→ **EXERCISE**
Task for the records below: repeat the line containing "Luxurious Vintage 4-Prong" and every line after it, exactly and with nothing else, but leave out the pictures.
(SOURCE RECORDS Opens)
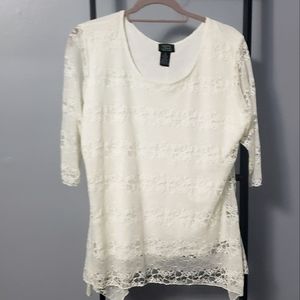 Women's white lace tunic shirt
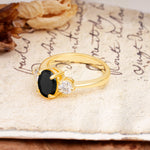 Luxurious Vintage 4-Prong Oval Cut Black Onyx Three Stones Engagement Ring - Additional view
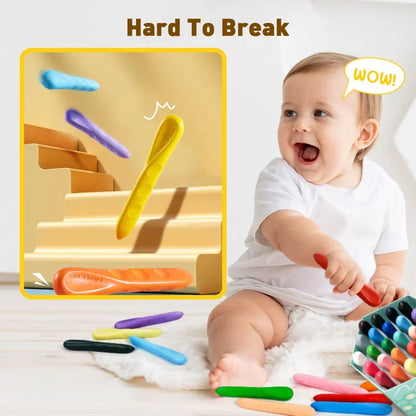 Jar Melo Mess Free Easy Grip Beeswax Crayons - Jaiman Toys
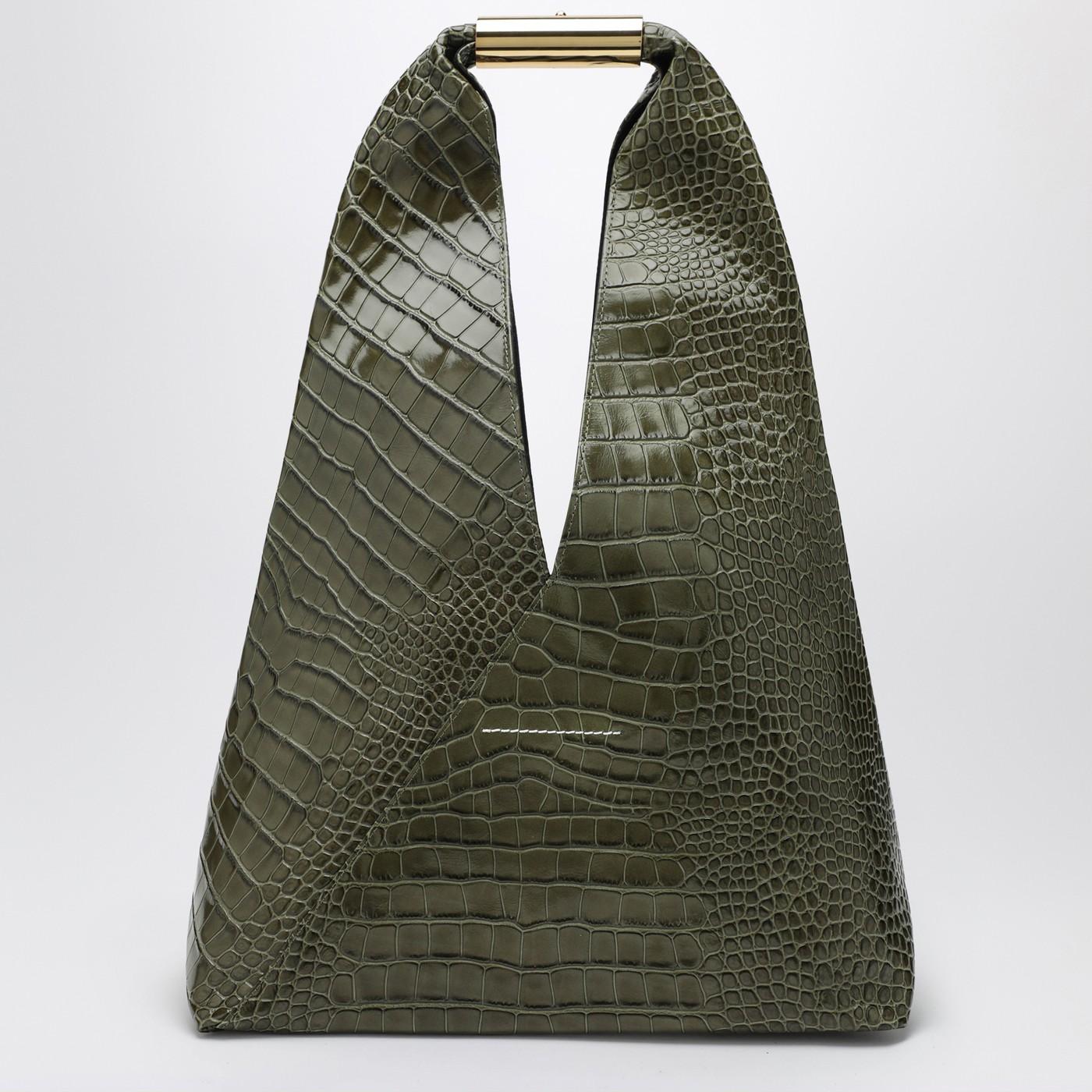MM6 by Maison Margiela Medium Olive Japanese Bag With Crocodile 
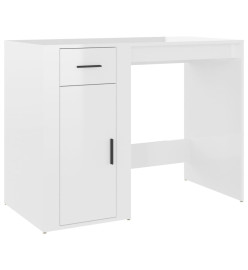 Bureau avec armoire blanc brillant bois d'ingénierie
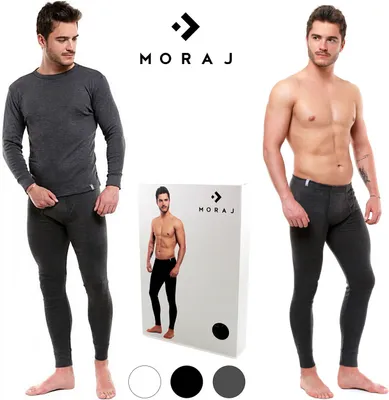 Obrázek produktu pro MORAJ Pánské dlouhé spodky Legíny Termo kalhoty Pánské funkční prádlo 1600-001 Long Johns - tmavě šedá - L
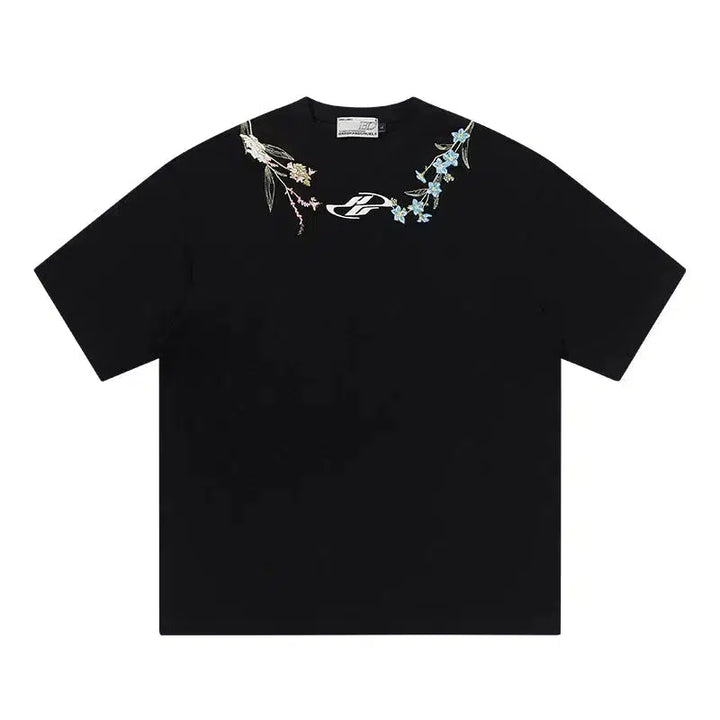 Floral Embroidered Crewneck T-shirt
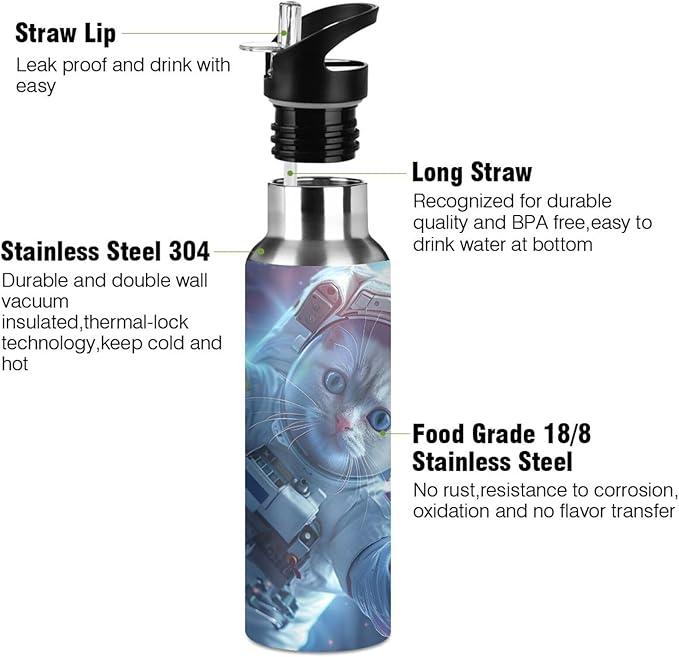 Astronaut Cat in Space Water Bottle with Straw Lid Kids Insulated Stainless Steel Water Flask Sports, 20 Oz Hot Cold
(SOURCE RECORDS Closes)
→ **SOLUTION TO THIS PROBLEM**
 Luxurious Vintage 4-Prong Oval Cut Black Onyx Three Stones Engagement Ring - Additional view
 Jar Melo Mess Free Easy Grip Beeswax Crayons - Jaiman Toys
MM6 by Maison Margiela Medium Olive Japanese Bag With Crocodile 
 Bureau avec armoire blanc brillant bois d'ingénierie
 Obrázek produktu pro MORAJ Pánské dlouhé spodky Legíny Termo kalhoty Pánské funkční prádlo 1600-001 Long Johns - tmavě šedá - L
 Floral Embroidered Crewneck T-shirt
 Astronaut Cat in Space Water Bottle with Straw Lid Kids Insulated Stainless Steel Water Flask Sports, 20 Oz Hot Cold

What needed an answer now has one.